So why doesn’t He go? Well, it’s not like Jesus is afraid of going back to Jerusalem; I mean in verse seven we read, “Then after this he said to the disciples, ‘Let us go to Judea again.’” There was no fear in Christ at all here. In verse eight the disciples said to him, “Rabbi, the Jews were just now seeking to stone you, and are you going there again?” The disciples certainly feared, but not Him. In verses nine and ten Jesus answered, “Are there not twelve hours in the day? If anyone walks in the day, he does not stumble, because he sees the light of this world. But if anyone walks in the night, he stumbles, because the light is not in him.” Here He’s expressing His confidence in God’s sovereign plan.

In the Jewish world at this time, most people worked twelve hours since there was generally twelve hours of daylight. By the light of day it was safe to work; generally it was only in the dark that danger laid waiting… Jesus uses this to communicate that as long as He is doing the will of the Father there is nothing to fear. To walk in the day is to walk in obedience to God, and Jesus was and is always obedient to the Father. Jesus always perfectly lived for the glory of God; and here He’s saying that to walk in the day is to live for God’s glory. And when we leverage our lives for the glory of God there is nothing to fear, come what may; we are immortal until our work is done. And that seems to be why He didn’t go to Lazarus at first, and it seems to be why He is ready to boldly go to Lazarus now… He was submitted to God’s sovereign plan; He would not go anywhere unless He was led by the Father. And when the Father led Him to go He was always obedient to go, no matter what awaited Him. Though the cross is not far down the road, Jesus knew that no one could harm Him until God willed it; He was immortal until His work was done, and likewise for us, when we leverage our lives for the glory of God we are immortal until our work is done.

And notice Jesus applies all of this to His disciples as He ties this illustration directly to Himself. He says that those who walk in the day do not stumble because they see the light of the world. And it wasn’t long before this that Jesus said, “I am the light of the world. Whoever follows me will not walk in darkness, but will have the light of life” (John 8:12). To leverage our lives for the glory of God is to follow Jesus; when we see Him for who He truly is—the light of the world—and we follow Him, we walk in His light… And as we already saw, the way to glorify God is to magnify the beauty, the worth, the value, the glory of Jesus… That’s the very reason we exist: to magnify the glory of God by making much of Jesus… And beloved, when we give our lives to this, no matter how risky it may seem, we can trust that we are immortal until our work is done. Not a hair of your head will perish. Nothing is outside of God’s control… Jesus knew this, and He did not fear; so neither should we… It’s not that we will not suffer if we leverage our lives for the glory of Christ, it’s just that living for Jesus is better than not suffering. And suffering inside the will of God is nothing compared to the eternal suffering that is awaiting everyone outside of Christ; that’s what Jesus is referring to when He says, “if anyone walks in the night, he stumbles, because the light is not in him.” Christians follow the light of the world, and that light lives within them; to walk in darkness is to not be a Christian… And beloved, walking in darkness is what should be feared, not walking in faithfulness to God. But, Jesus didn’t fear, and we’re living for Him neither should we.

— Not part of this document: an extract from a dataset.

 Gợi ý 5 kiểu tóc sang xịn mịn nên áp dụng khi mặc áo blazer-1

But, if Jesus wasn’t in fear of being killed by the Jews, why didn’t He leave to go to Lazarus two days earlier? Jesus is God, He knows all things, so He must have known when He decided not to go to help, that Lazarus was going to die. And Lazarus did die; that’s what Jesus says in verses eleven through fourteen: “After saying these things, he said to them, ‘Our friend Lazarus has fallen asleep, but I go to awaken him.’ The disciples said to him, ‘Lord, if he has fallen asleep, he will recover.’ Now Jesus had spoken of his death, but they thought that he meant taking rest in sleep. Then Jesus told them plainly, ‘Lazarus has died…’”

Well, so far Jesus has said that it’s because of glory and because of love that He didn’t go to help Lazarus, and then from here, in verse fifteen He gives us a bit more insight into why He’s doing what He’s doing. After He tells His disciples that Lazarus died, He says, “and for your sake I am glad that I was not there, so that you may believe. But let us go to him.” When He says “you” here, that first applies to His disciples that are with Him, but it likewise applies to every follower of Christ since then. So He’s doing what He’s doing, He allowed Lazarus to suffer and die because of His love for Lazarus and His family, and because of His glory, and for the sake of every person who would ever follow Jesus, so that they and so that we would believe… And you see, this brings it all together for us…

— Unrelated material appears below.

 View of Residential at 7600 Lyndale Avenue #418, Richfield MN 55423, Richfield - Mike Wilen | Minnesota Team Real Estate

Jesus knew good and well that Lazarus was going to die, and this was all a part of God’s grand plan. As Jesus said in verse eleven, “Our friend Lazarus has fallen asleep, but I go to awaken him.” Lazarus wasn’t sleeping, he was dead, but Jesus was going to raise Him from the dead; that’s why He waited. He let Lazarus die so that He could bring Him back to life. And as we’ll see next week, He will live again; Jesus will raise Him from the dead. He’s now going to Him to awaken him… And for Jesus it’s just that easy; for the God of the universe in the flesh, giving life to the dead is just as simple as waking someone up from a nap.

So Jesus lets Lazarus die, so that His glory would be displayed through his resurrection. He loves Lazarus and He loves His disciples, all of His disciples, including Lazarus and His family, and including us, by allowing Lazarus to suffer and die. And remember, the love He loves us with here, the love He loves Lazarus with here is divine love characterized by sacrifice in the pursuit of another person’s good. And the ultimate good here in His love is helping Lazarus, helping Lazarus’ family, helping His disciples, helping us see and savior His glory that we might believe all the more, or believe for the very first time. If you think back to why John said he wrote what he did in this book, why he included this miracle of Christ, and every other miracle of Christ in his Gospel this ties right in. He said, “these are written so that you may believe that Jesus is the Christ, the Son of God, and that by believing you may have life in his name” (John 20:31). So think about that; that means Jesus let Lazarus die that he might have life—that he might believe and have life in His name. The purpose of the death of Lazarus was life…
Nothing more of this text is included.